Esto sugiere que los cambios hormonales asociados a la edad, más que la inactividad sexual, pueden ser el verdadero motor de la atrofia.

En las mujeres: el papel dominante de las hormonas

En las mujeres, la situación es diferente, porque la atrofia vaginal y vulvar no es causada por la falta de sexo, sino por la disminución de estrógenos, que ocurre naturalmente durante la menopausia. Esta condición se denomina síndrome genitourinario de la menopausia (GSM), anteriormente conocido como atrofia vaginal.

Los tejidos de la vulva y la vagina son altamente dependientes del estrógeno. Sin suficiente estrógeno, los labios se vuelven más delgados y frágiles, y la vagina se vuelve más seca, menos elástica y puede «atrofiarse», es decir, hacerse más pequeña. La Clínica Cleveland confirma que al menos la mitad de las mujeres que entran en la menopausia muestran signos de GSM.

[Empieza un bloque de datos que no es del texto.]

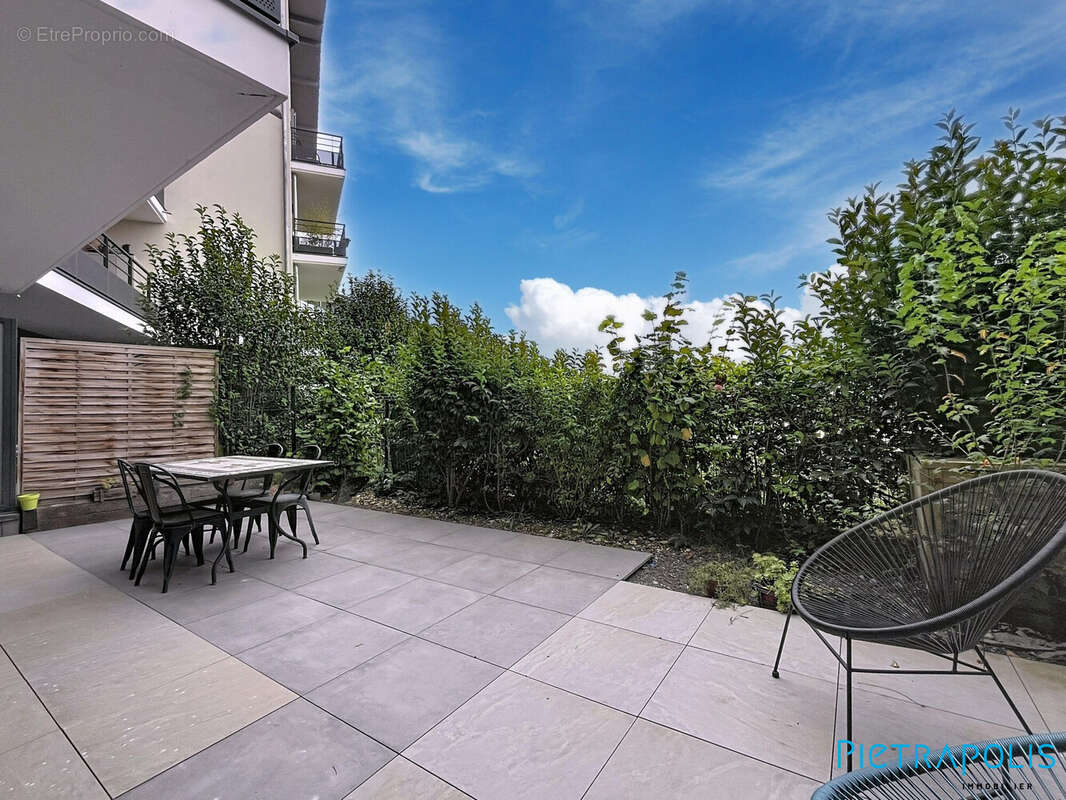 Appartement à CESSY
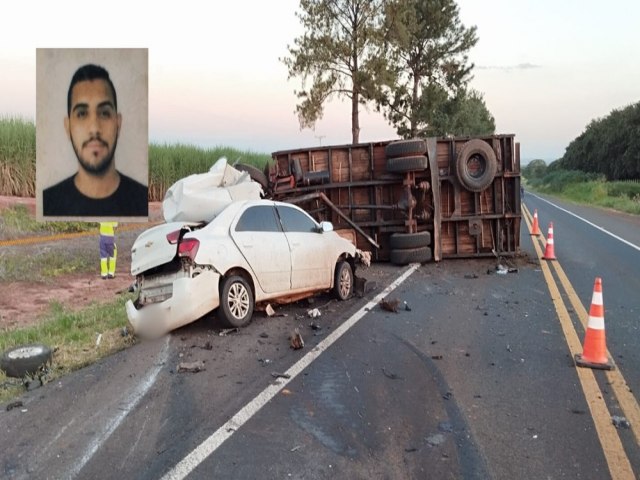 Motorista morre ao bater carro de frente com caminho em rodovia de Pontalinda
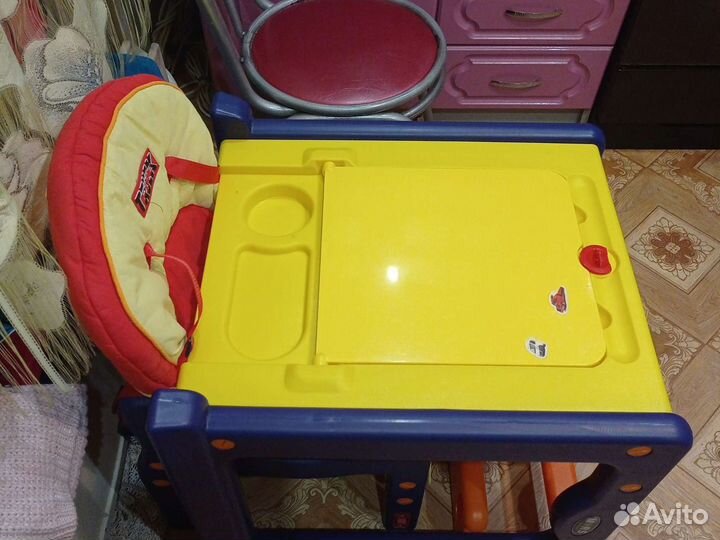 Стульчик для кормления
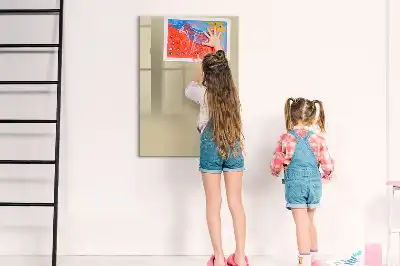 Tablica suchościeralna magnetyczna w kolorze beżowym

La falta de actividad sexual no causa esta atrofia, pero puede empeorarla. La Clínica Cleveland señala que si se tiene actividad sexual con penetración con menos frecuencia, se puede tener un mayor riesgo de atrofia vaginal de moderada a grave.

La ginecóloga Katie Propst, de la Clínica Cleveland, explica que la vagina puede estrecharse si no se es sexualmente activa, por lo que una de las cosas más importantes que se pueden hacer para preservar la función y evitar la atrofia es continuar teniendo relaciones sexuales.

La actividad sexual regular ayuda a mantener la elasticidad vaginal y a contrarrestar los efectos de la falta de estrógeno. Los estudios muestran que las mujeres sexualmente activas tienen estadísticamente menos atrofia vulvovaginal que el grupo inactivo.

El factor común: la testosterona y el deseo

La testosterona es crucial para el deseo sexual en ambos sexos. Un estudio de 2013, publicado en el Journal of Sexual Medicine, encontró que el 72% de las mujeres con deseo sexual hipoactivo tenían niveles bajos de testosterona, incluso con niveles normales de estrógeno.